Por muito tempo esse impasse dividiu a jurisprudência nacional, até que foi finalmente resolvido pelo STJ. Sob o rito dos recursos repetitivos, no julgamento do Tema 1.145, a Corte firmou a seguinte tese:
“Ao produtor rural que exerça sua atividade de forma empresarial há mais de dois anos é facultado requerer a recuperação judicial, desde que esteja inscrito na Junta Comercial no momento em que formalizar o pedido recuperacional, independentemente do tempo de seu registro”.

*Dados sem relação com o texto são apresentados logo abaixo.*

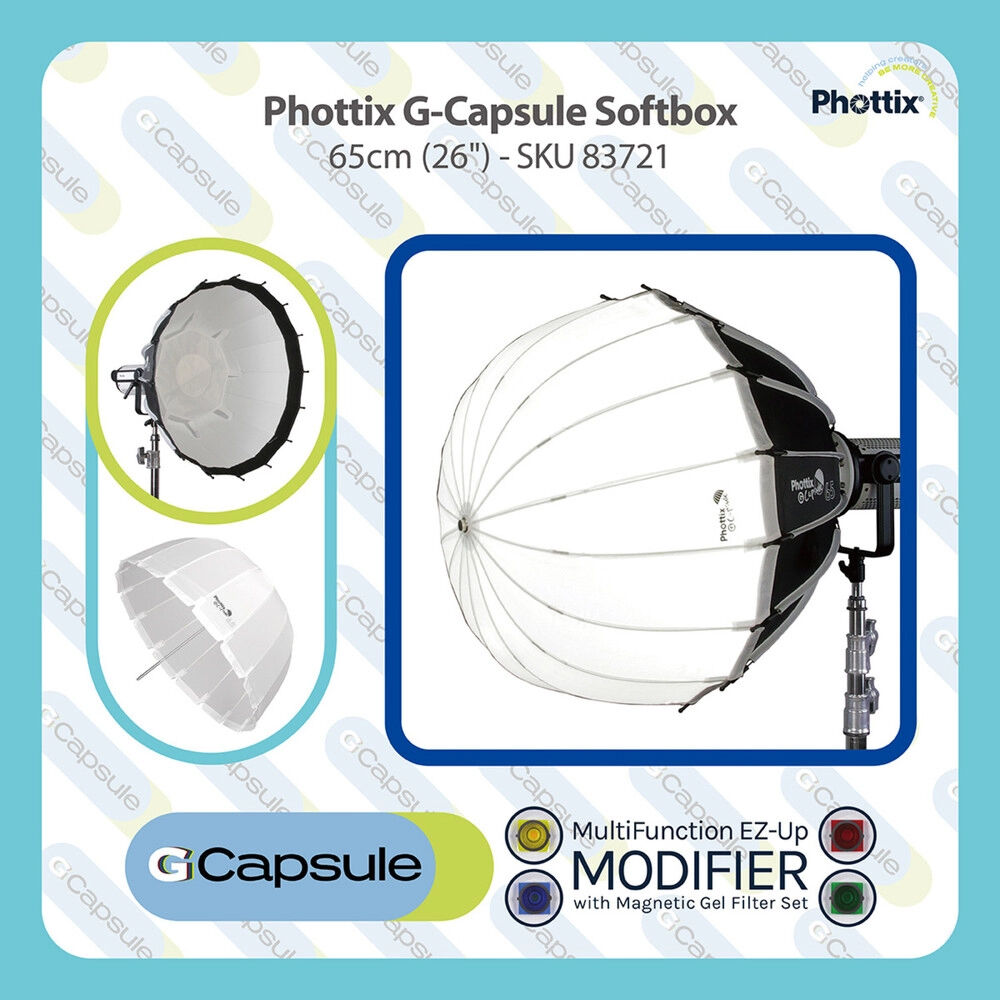 Phottix - G-Capsule Octagon Softbox Kit-65cm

A origem da controvérsia remonta ao art. 971 do CC, que faculta a possibilidade do produtor rural se registrar formalmente perante a Junta Comercial. Em outras palavras, o exercício da atividade econômica rural não está condicionado à formalização registral.
Explico o porquê.
O exercício profissional da atividade econômica está associado à habitualidade, pessoalidade e à sua organização. Assim, no caso do produtor rural, a qualidade de empresário deve ser atestada sempre que seja comprovado o exercício profissional de atividade econômica rural organizada para a produção ou circulação de bens ou de serviços, independentemente de inscrição na Junta Comercial.

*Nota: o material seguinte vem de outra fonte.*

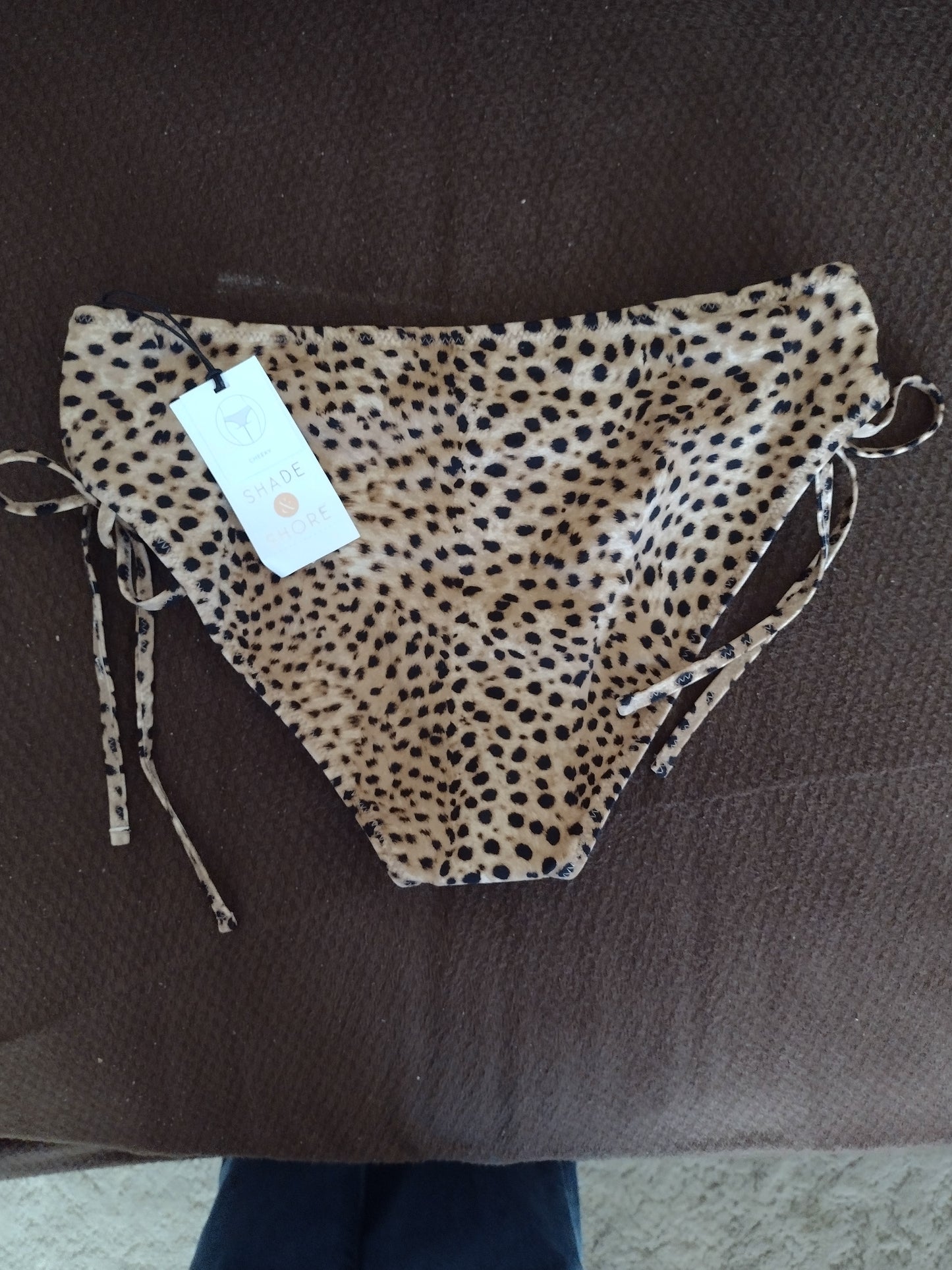 Women's Low Rise Cheeky Bikini Bottoms Sizes S, M, XL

Como dito, o julgamento do Tema repetitivo 1.145 pacificou essa questão e deixou claro que o exercício regular da atividade não se confunde com a formalização perante a Junta.
Conforme brilhantemente apontado pelo ministro Luis Felipe Salomão, relator do recurso, a inscrição do produtor rural na Junta Comercial não o transforma em empresário, mas apenas “acarreta sua sujeição ao regime empresarial, descortinando-se, então, uma série de benefícios e ônus de titularidade apenas para aqueles que se registram na forma preconizada no art. 968 do CC/02”.
A comprovação da atividade, no entanto, para fins de preenchimento dos dois anos exigidos pelo art. 48 da LRF, pode ser feita de duas formas, a depender da receita bruta anual do produtor rural: i) caso a receita bruta anual exceda R$ 4.800.000,00 (quatro milhões e oitocentos mil reais), deverá ser apresentada documentação mais detalhada, composta pelo LCDPR - Livro Caixa Digital do Produtor Rural, DIRPF - Declaração de Imposto de Renda da Pessoa Física e Balanço Patrimonial; (ii) caso a receita seja inferior a esse valor, poderá ser apresentado o Livro Caixa Simples, em conjunto com a DIRPF e o Balanço Patrimonial.
Como bem concluiu o ministro ao estabelecer a tese repetitiva, o registro “permite apenas que nas atividades do produtor rural incidam as normas previstas pelo direito empresarial. Todavia, desde antes do registro, e mesmo sem ele, o produtor rural que exerce atividade profissional organizada para a produção de bens e serviços já é empresário”.
Assim sendo, ainda que o registro na Junta por parte do produtor rural tenha que ser realizado antes do pedido de recuperação judicial, não há exigência de que o ato registral ocorra há dois anos da formalização do pedido, bastando para preenchimento do requisito temporal a comprovação da atividade nos moldes acima mencionados.
Trata-se de importante precedente que reforça a efetividade da recuperação judicial como instrumento de superação da crise e, principalmente, que valoriza a atuação do produtor rural como agente econômico essencial à economia nacional.